▶ [About this exercise]
Write every line below out again, exactly as given, but leave out the pictures.

▶ [Information supplied]
::::::
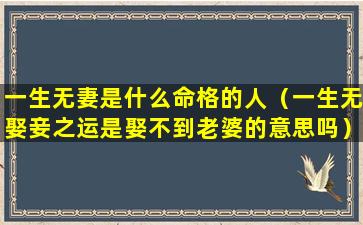 一生无妻是什么命格的人（一生无娶妾之运是娶不到老婆的意思吗）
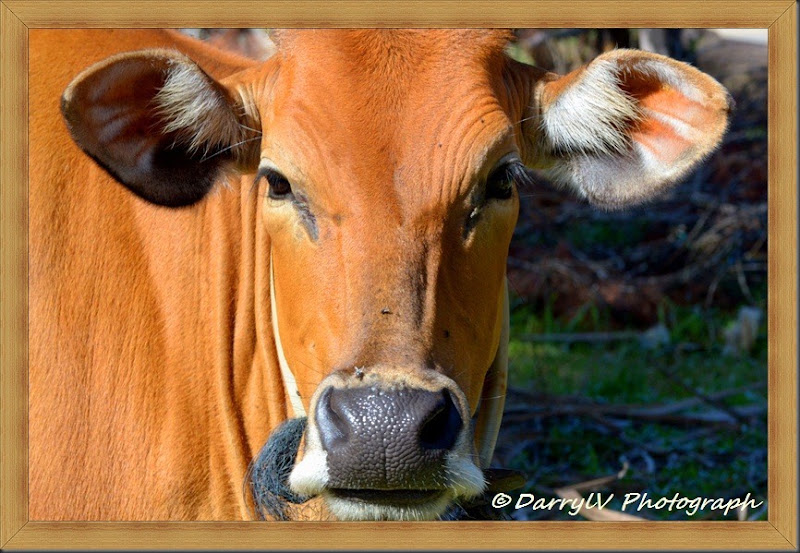 cow 2 small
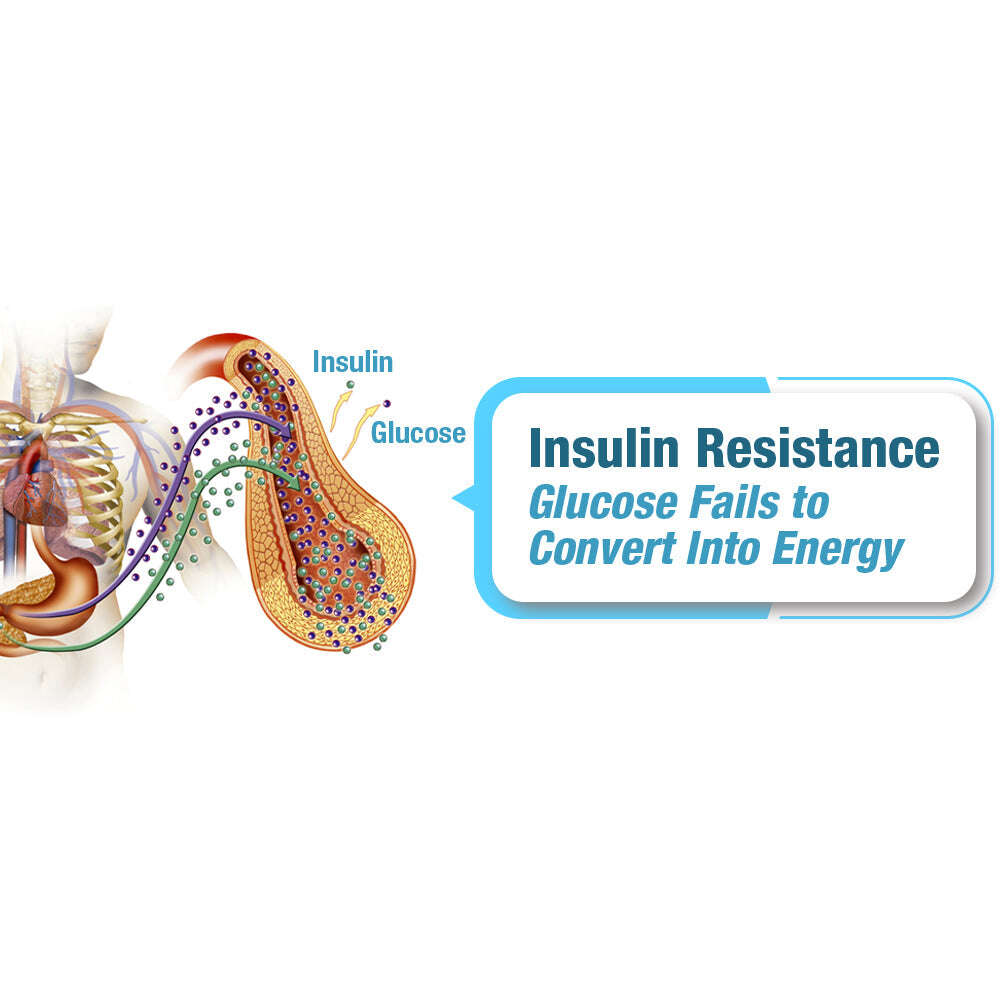 GFOUK™ SucrosePro йонен баланс гривна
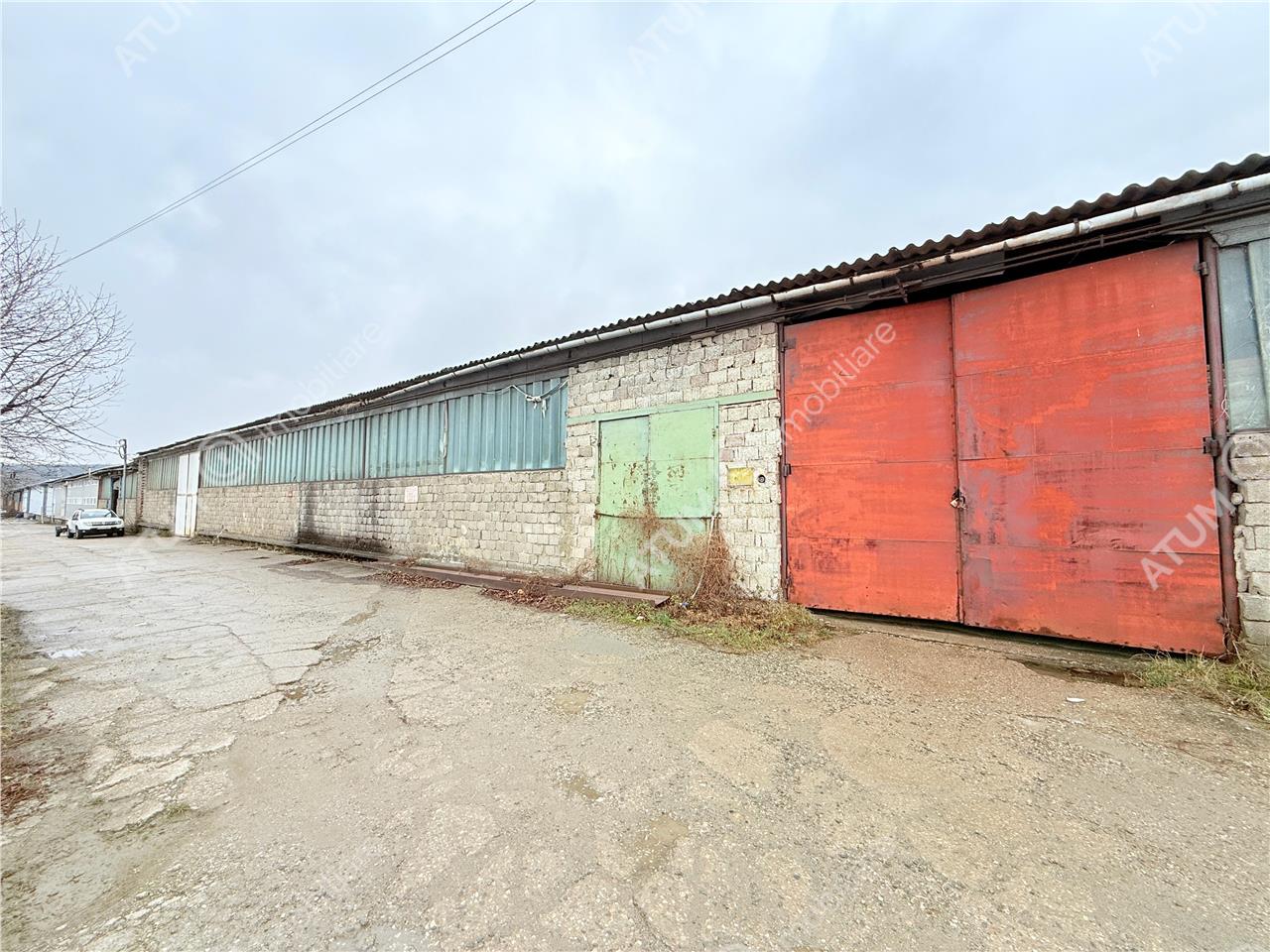 Poza 9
::::::
▶ [Solution below]
 一生无妻是什么命格的人（一生无娶妾之运是娶不到老婆的意思吗）
 cow 2 small
 GFOUK™ SucrosePro йонен баланс гривна
 Poza 9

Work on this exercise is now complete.